Kürtlerde devlet algısı tamamen realiteye dayalıdır. Mesela devlet ve/veya hükümet, somut olarak jandarmadır/askerdir. Kaymakamla komutan aynı şeydir. Devlet, öldüren bir aygıttır. Devlet, kendinden korkulması ve korunması gerekli bir nesnedir. Kürtlerdeki, bu devlet algısı, doğulu toplumu batılı toplumdan ayıran temel hususiyetlerdendir. Jandarma, bizzat devlet olduğundan, onun zulmüne uğrayanın başvuracağı bir devlet makamı yoktur. Eğer, karşıtına sığınarak var olmayı seçmemişse bir Kürdün, başvurabileceği tek yer, tek makam dağlardır.
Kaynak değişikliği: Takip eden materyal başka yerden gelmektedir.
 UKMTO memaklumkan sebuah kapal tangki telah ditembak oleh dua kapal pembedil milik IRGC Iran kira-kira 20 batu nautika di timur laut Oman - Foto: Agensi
Yine istisnaları ayrı tutarak söyleyecek olursak; batılı toplum için devlet bir tabudur, kutsaldır. Ebed müdded anlayışı devleti, ilelebet korunması gereken bir kutsala dönüştürür. Batılı toplumun gözünde devlet, Tanrısal bir lütuftur. Devletin otoritesini yalın bir şekilde ve yanında görmeye alışmış, kendini ancak bu şekilde güvende hissetmiştir. “Ya devlet başa ya kuzgun leşe”dir.
Aynı zamanda, batılı toplumun zihnini devlet söylemi inşa etmiştir. Batılı toplum, devlet aklının sosyalleşmiş biçimini temsil etmektedir. Bu nedenle her türlü meseleyi bu zihinsel kodlarla anlamaya çalışmakta ve her seferinde ayı sonuca ulaşmaktadır: Devlet haklıdır! Bu acımasız ve katı tasavvurun dışına çıkması, imkansız derecesinde zordur. Bu zorluğu aşmak için, adeta devletin dayandığı tüm ideolojik toplum mühendisliği aygıtlarının tersten işletilmesi gereklidir.
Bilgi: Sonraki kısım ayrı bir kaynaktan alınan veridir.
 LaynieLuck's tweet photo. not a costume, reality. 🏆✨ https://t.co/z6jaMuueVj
Devlete biçilen değer, doğulu toplum için de söz konusudur. Çünkü bu algı cumhuriyetin ürettiği bir algı değil, tarihsel bir algıdır. Buna karşın doğulu toplumda, söz konusu devletin zulmüne doğrudan ve sürekli maruz kalındığından, müesses nizam (laik milliyetçi TC) anlamında bir devlet karşıtlığı vardır. Doğulu toplumda devlete bakışı belirleyen ana faktör “korku”dur. Daha çok yaşlı nesilde devlete saygı gibi görünen şey aslında bilinçaltına atılmış devlet korkusudur.
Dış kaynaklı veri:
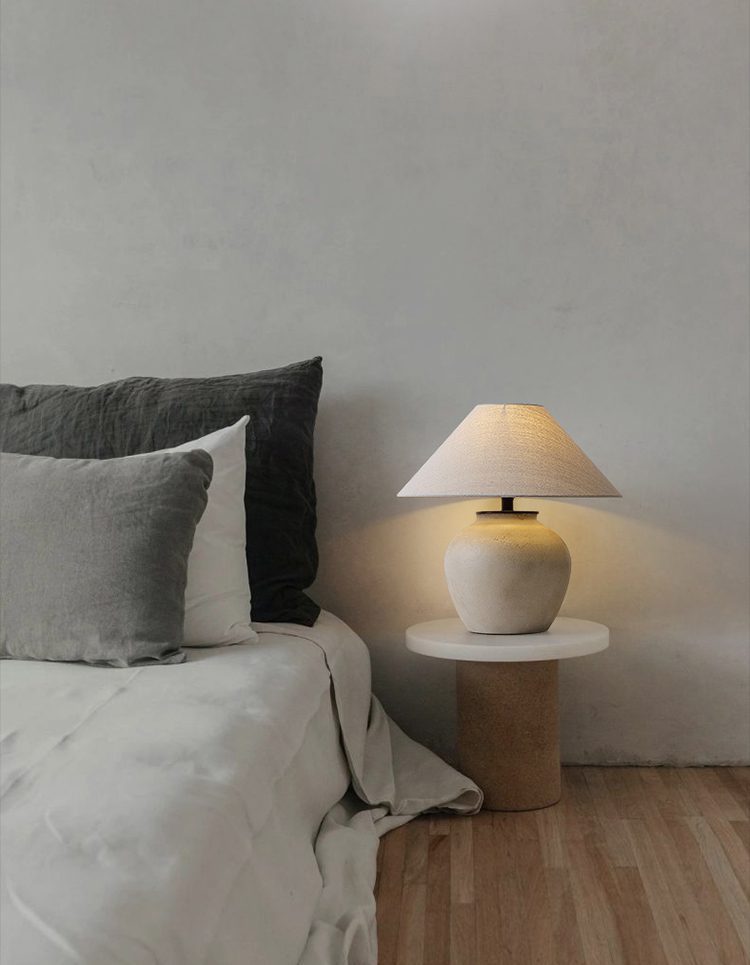 Black Mud Table Lamp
Batılı toplum da devletin zulmüne maruz kalmıştır ancak o zulmün en yakıcı biçimi belli bir tarihsel dönemde kaldığından ve kurtuluş/kuruluş afyonunun yarattığı atmosferde gerçekleştiğinden, etkisi kısa sürmüştür. Bunda kuşkusuz, sürekli beslenen ve canlı tutulan vatanın tehlikede olduğu fikrine dayalı bölünme paranoyasının ürettiği sahiplenme duygusu da etkilidir. Batılı topluma, Osmanlının son döneminden başlatılan bir tarihsel perspektifle, sürekli dış güçlerin (Devlet söyleminde dış güçler; arkasında İngilizler ve Rusların olduğu ve topraklarımızda hak iddia eden Yunanlılar ve Ermeniler ile bizleri arkadan vuran kalleş Araplar!) vatanı parçalamak için kesintisiz bir uğraş verdikleri fikri işlenmektedir. Herkes Türklere tarihsel bir düşmanlık beslemektedir ve “Türk’ün Türk’ten başka dostu yoktur”. Bu bağlamda Kürt sorunu olarak karşımıza çıkan hadiselerin arkasında işte bu olgunun olduğu düşüncesi batılı toplumun zihnine nakşedilmiştir. Kürtler artık, bu dış mihrakların oyununa gelen yıkıcı bir iç mihraktır.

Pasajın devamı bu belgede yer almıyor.